«Por mais de um século, tem-se associado geralmente à esquerda a Moralidade, a Justiça e o "idealismo"; a oposição conservadora da esquerda foi em grande parte confinada à inviabilidade dos seus ideais. Por exemplo, uma ideia comum é a de que o Socialismo é esplêndido "na teoria", mas que "não funciona" na vida prática. O que os conservadores não foram capazes de perceber foi que, se na verdade, a curto prazo, alguns ganhos podem ser conquistados ao apelar para a inviabilidade de abordagens radicais, ao entregarem a ética e o "ideal" à esquerda eles estariam condenados à derrota a longo prazo».
In Igualitarismo - Revolta Contra a Natureza de Murray N. Rothbard, pp. 15 e seguintes.
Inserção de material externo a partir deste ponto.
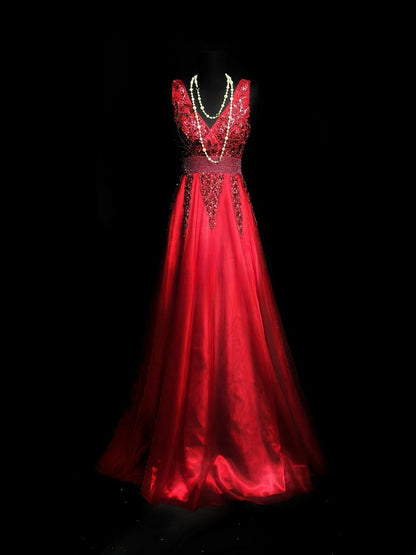 Vintage Prom Dresses A line V Neck Red Tulle With Beads Crystals Sleeveless Long Formal Outfits RB6005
O que se pode deduzir aqui deste pequeno trecho é que efectivamente a esquerda [mundial] tomou conta dos destinos da ética e dos ideais como ferramentas maleáveis, que podem ser adaptadas e sofrer contínuas reestruturações até conseguirem o que pretendem. É isto mesmo que afirma Rothbard quando diz que: «Se a um dos lados forem concedidos, desde o início, a Ética e o "ideal", esse lado será capaz de efectuar mudanças graduais mas seguras na sua própria direcção, e como essas alterações se acumulam, o estigma da "inviabilidade" torna-se cada vez menos relevante».
Insisto aqui neste ponto: (...) como essas alterações se acumulam, o estigma da "inviabilidade" torna-se cada vez menos relevante.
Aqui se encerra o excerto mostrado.